- Cover art of Red Lightning
- Publisher(s): Strategic Simulations
- Designer(s): Norm Koger
- Platform(s): Amiga, Atari ST, MS-DOS
- Release: 1989 1990 (Amiga)
- Genre(s): Wargame
- Mode(s): Single-player

= Red Lightning (video game) =

1989 video game

Red Lightning is a wargame created by Norm Koger and published by Strategic Simulations for the Atari ST and MS-DOS in 1989. An Amiga conversion followed a year later. The game is set in Europe and hypothesizes a Soviet invasion of Western Europe.

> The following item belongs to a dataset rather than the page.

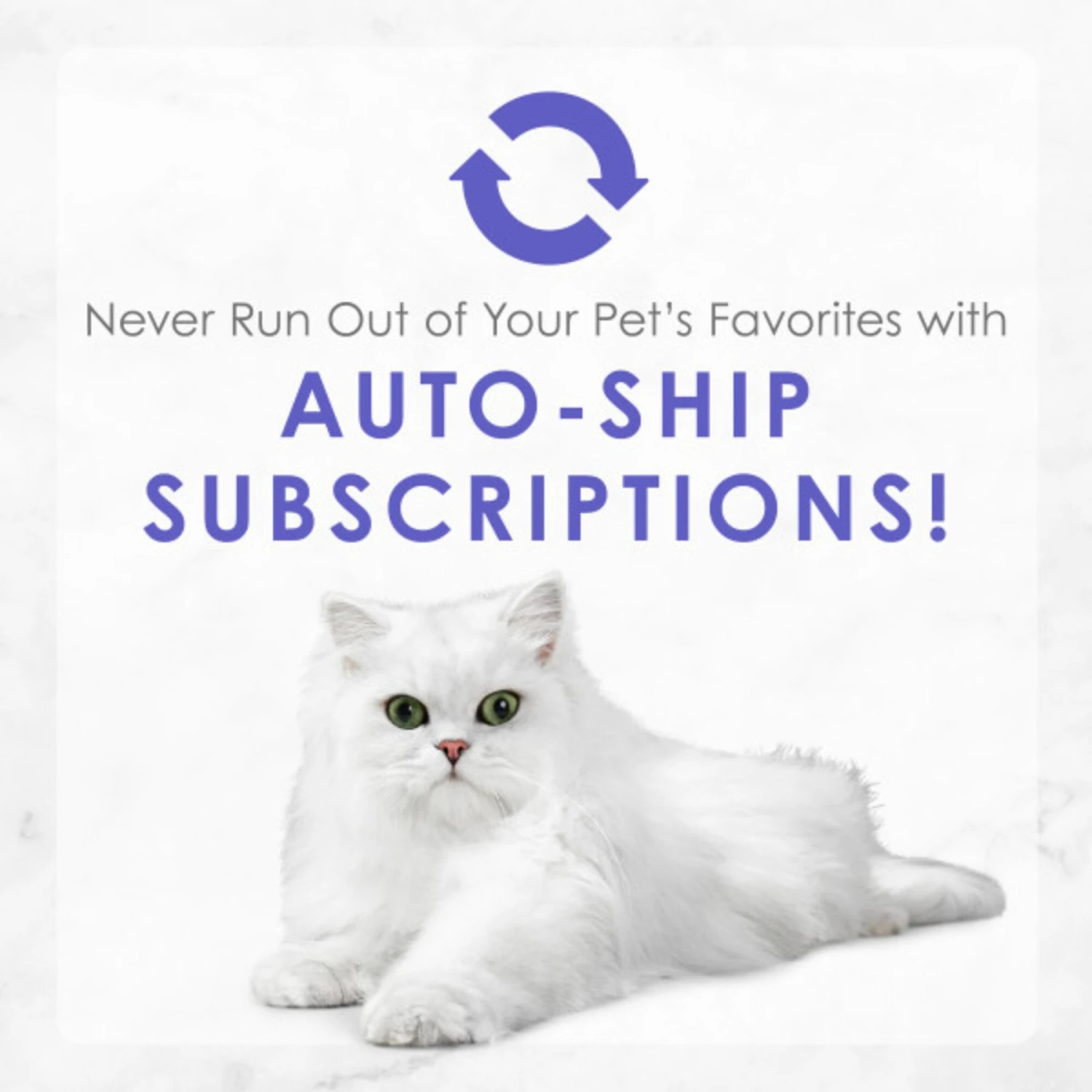 Fancy Feast Medleys White Meat Chicken Primavera Canned Cat Food 9 Fancy Feast Medleys White Meat Chicken Primavera Canned Cat Food - Image 9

Illustrator Marc Ericksen created the Box Art for Red Lightning, which features Soviet T-80 tanks advancing under heavy weather with Mig-29s flying air cover.

==Reception==
In the November 1989 edition of Games International (Issue 10), John Inglis noted that the menu-driven system "can be a little tedious, as it takes many keystrokes to move you from one part to the next." However, he concluded by giving the game above-average ratings of 4 out of 5 for both gameplay and graphics, saying, "I would [...] recommend it to traditional wargamers."

In the January 1994 edition of Computer Gaming World, M. Evan Brooks stated that Red Lightnings user interface had "serious flaws." While the Atari ST version's mouse-driven user interface was not as flawed, Brooks concluded that "the overall ease of use is sorely lacking in what is supposed to be computer entertainment," giving the game a poor rating of only 2 out of 5.